- _TRY IT_
Begin the copy at the line containing "17749 Collins Ave" and end it at the final line of the material below, reproducing each line exactly, without images.

- _DATA BLOCK_
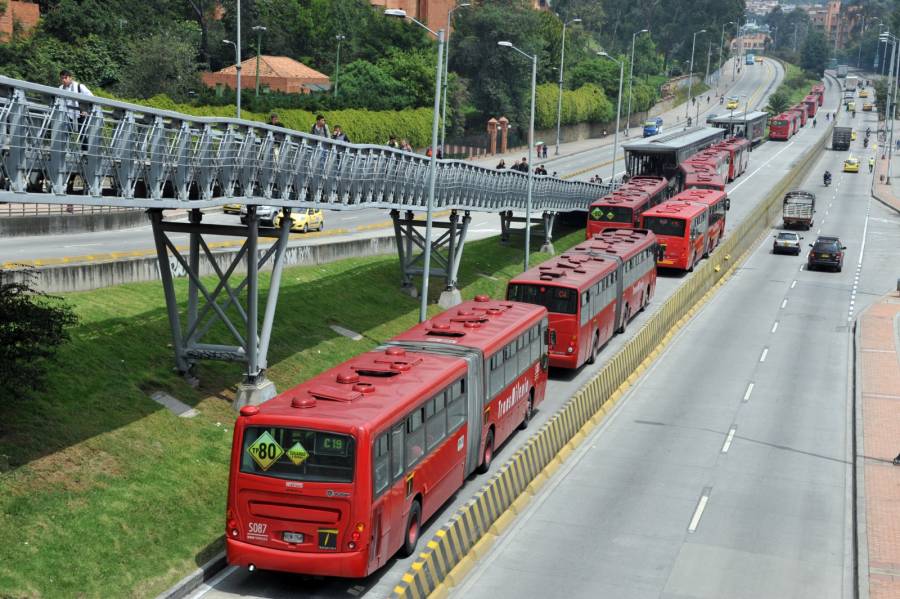 Alcalde Galán rechaza bloqueos a TransMilenio como táctica del paro y anuncia acción legal contra presidente de la CUT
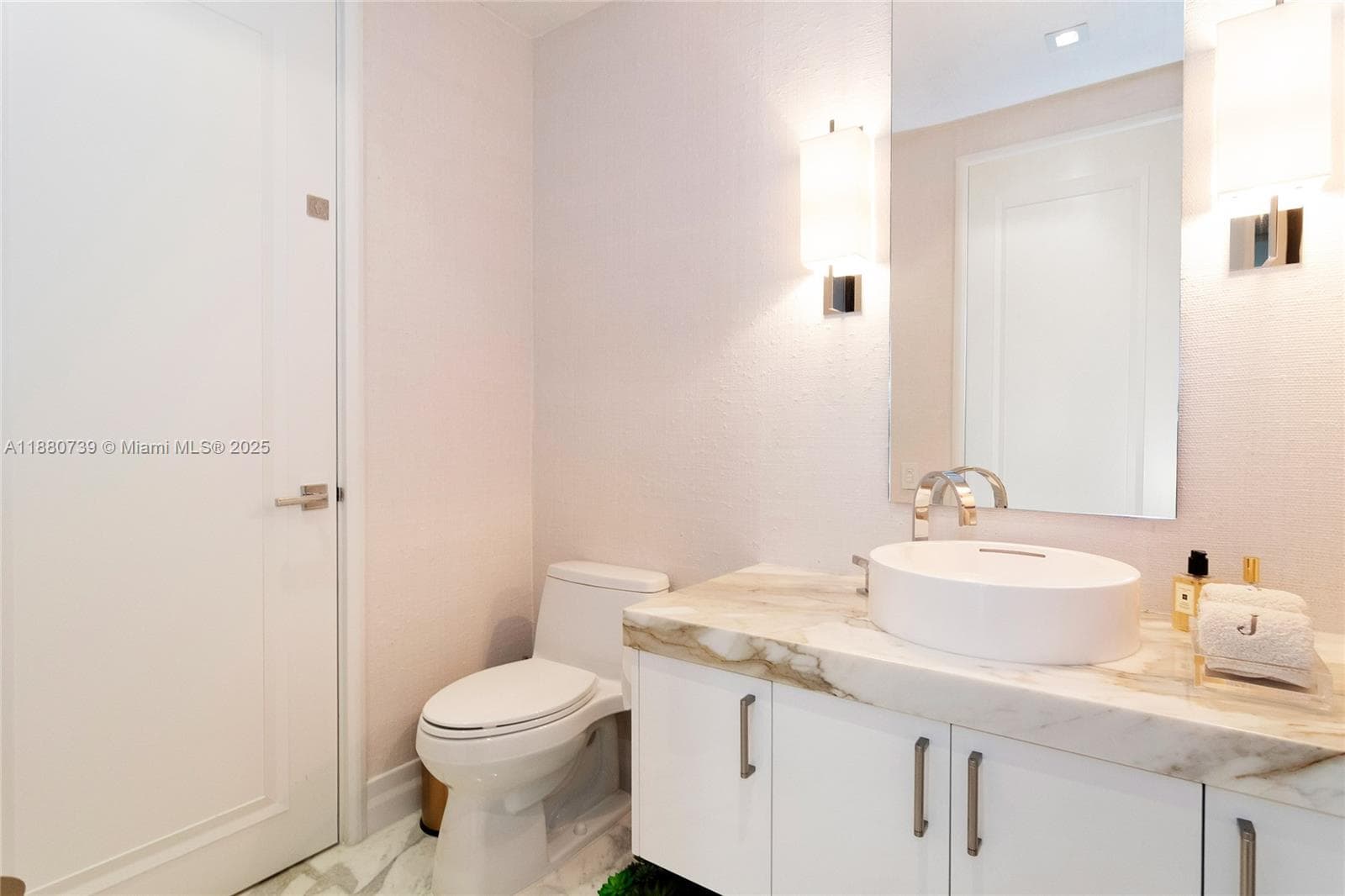 17749 Collins Ave # 3801, Sunny Isles Beach FL 33160 — 21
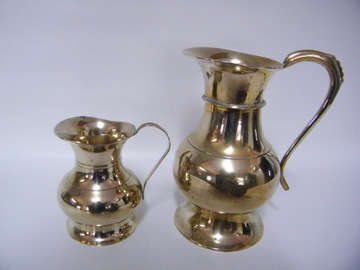 2 Brass Jugs (largest 19cm tall) - Lovely!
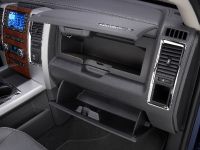 Dodge Ram 2500 Laramie Crew Cab (2010) - picture 13 of 16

- _OUTPUT FOR THIS EXERCISE_
 17749 Collins Ave # 3801, Sunny Isles Beach FL 33160 — 21
 2 Brass Jugs (largest 19cm tall) - Lovely!
 Dodge Ram 2500 Laramie Crew Cab (2010) - picture 13 of 16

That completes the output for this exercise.